(DATASET RECORDS Opens)
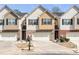 Charming townhome showcasing brick accents, a one-car garage, and a meticulously maintained front yard at 5 Burns View Ct, Lawrenceville, GA 30044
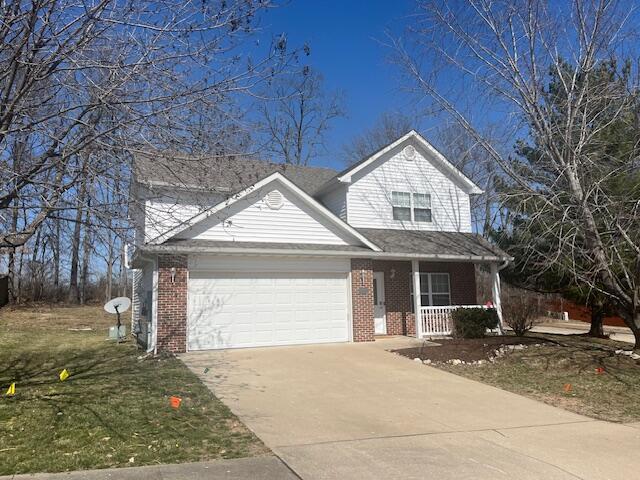 view of front of property featuring a front yard, a porch, concrete driveway, a garage, and brick siding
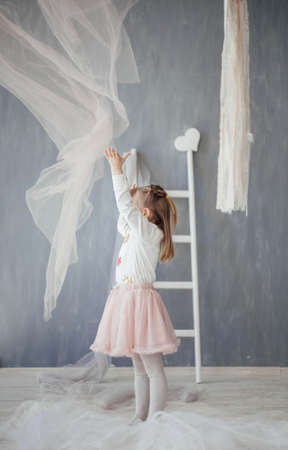 little girl playing with cloth. little girl in light clothes plays with a cloth in a light gray room side view.の写真素材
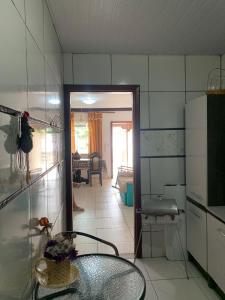 une cuisine avec une table en verre et une chambre dans l'établissement Casa em condomínio com churrasqueira, à Cabo Frio
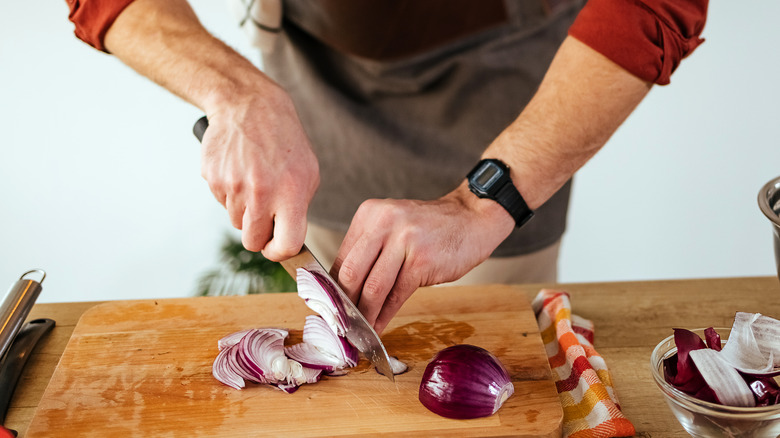 Man slicing onions with curled fingers and sharp knife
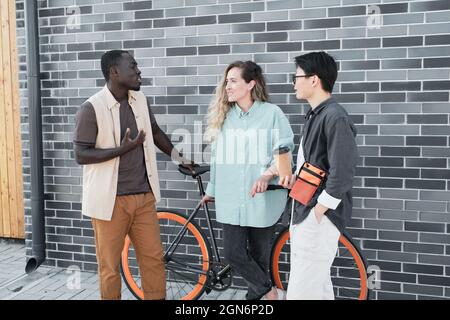 Modern African American guy and his female co-workers standing together outdoors talking about something during coffee break time Stock Photo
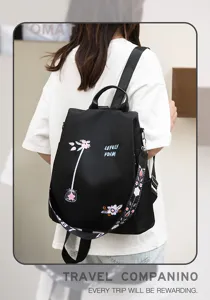 Detailed back view of black oxford backpack with floral embroidery worn by a model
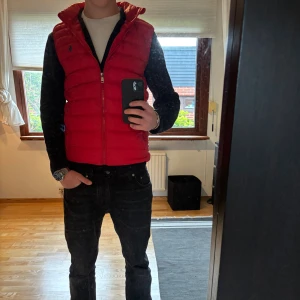 Röd dunväst från Polo Ralph Lauren - Snygg röd dunväst från Polo Ralph Lauren. Endast använd fåtal gånger och är i ett grymt skick. Jag är 178 och väger 66kg.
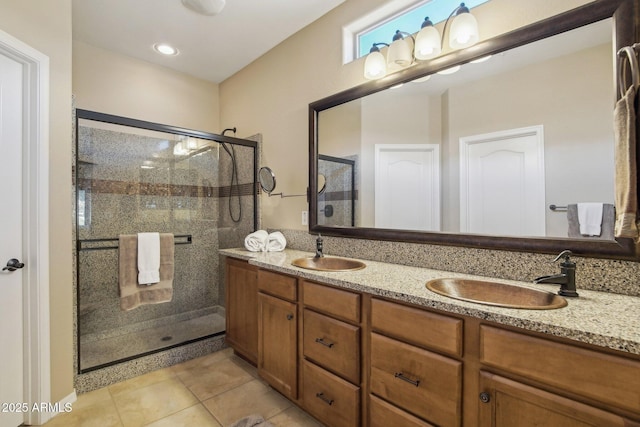 bathroom with tile patterned floors, a stall shower, and a sink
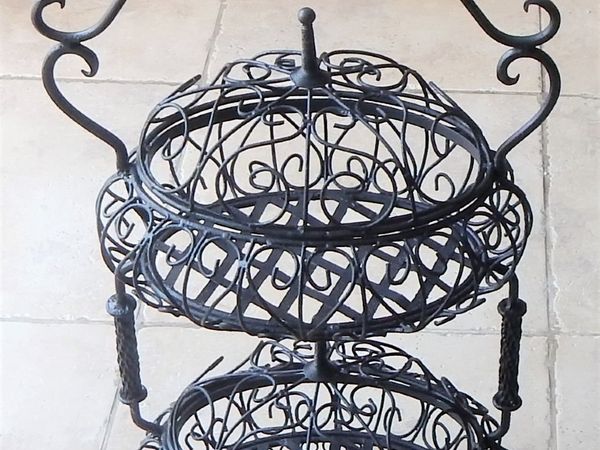 Vintage wrought iron double basket stand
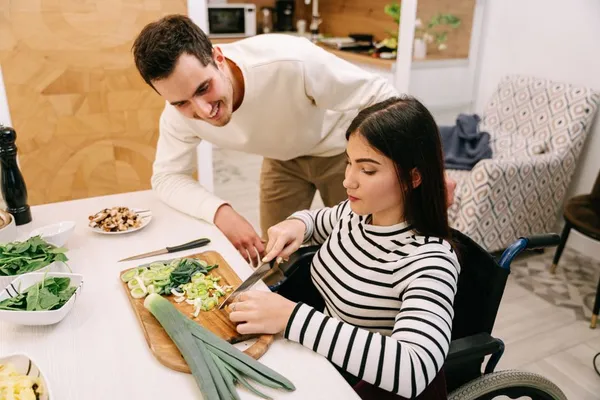 A support worker helping a participant prepare a meal at home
(DATASET RECORDS Closes)
### DESCRIPTION OF THE TASK
An acceptable answer holds exactly the lines from the one with "bathroom with tile" through the end of the entries above, both ends kept, and no pictures at all.

### RESPONSE TO THIS EXERCISE
 bathroom with tile patterned floors, a stall shower, and a sink
 Vintage wrought iron double basket stand
 A support worker helping a participant prepare a meal at home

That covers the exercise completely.